The majority of EU law, environmental law and energy wholesale market regulation is made for countries that are in the middle of Europe, land-locked and that have a surfeit of transmission lines criss-crossing them. Ireland as an island has practically no interconnections, which places it in a unique and potentially difficult position.
Current arrangements are unlikely to undergo changes in the short term, as this would require significant variation of UK legislation and policy. However, a significant portion of Ireland’s primary energy products are imported from the UK and therefore Brexit will potentially have large impacts on the energy sector in the longer term, so the approach required at the moment is to take stock of current positions and make robust plans for the future.
One concern would be the imposition of tariffs on the provision of energy products which would have a significant impact on the Irish economy.

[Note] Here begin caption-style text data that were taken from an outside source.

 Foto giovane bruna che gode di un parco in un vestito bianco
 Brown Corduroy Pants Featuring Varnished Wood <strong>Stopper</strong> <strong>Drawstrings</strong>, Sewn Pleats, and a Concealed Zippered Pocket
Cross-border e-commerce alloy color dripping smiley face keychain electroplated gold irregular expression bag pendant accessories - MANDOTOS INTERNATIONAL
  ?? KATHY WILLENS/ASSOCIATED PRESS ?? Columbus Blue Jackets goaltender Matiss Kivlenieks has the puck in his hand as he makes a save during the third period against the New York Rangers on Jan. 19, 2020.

The likelihood of this taking place is, however, low. Norway, Switzerland and Russia are examples of non EU member states that are integral to the EU’s energy markets and do not face the imposition of tariffs. Funding of interconnectors with GB or Northern Ireland will be a challenge and there will be a greater focus on interconnection with countries such as France.

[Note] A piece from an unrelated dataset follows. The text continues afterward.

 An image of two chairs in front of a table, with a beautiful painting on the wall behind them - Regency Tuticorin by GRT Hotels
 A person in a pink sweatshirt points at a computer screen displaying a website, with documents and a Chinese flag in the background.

The risk to the Irish economy arises from the delayed or abandoned harmonisation of energy market arrangements. Ireland and Northern Ireland currently operate a single wholesale electricity market and voluntarily harmonised retail arrangements. Regulators are in the process of reforming the wholesale electricity market to fully conform to the EU Target Model. The reforms will facilitate more efficient trading with EU member states, allowing decarbonisation of the electricity system at reduced cost while maintaining security and continuity of supply.
In the immediate term, energy companies should review their hedging strategies in light of a probable continued weakening of Sterling.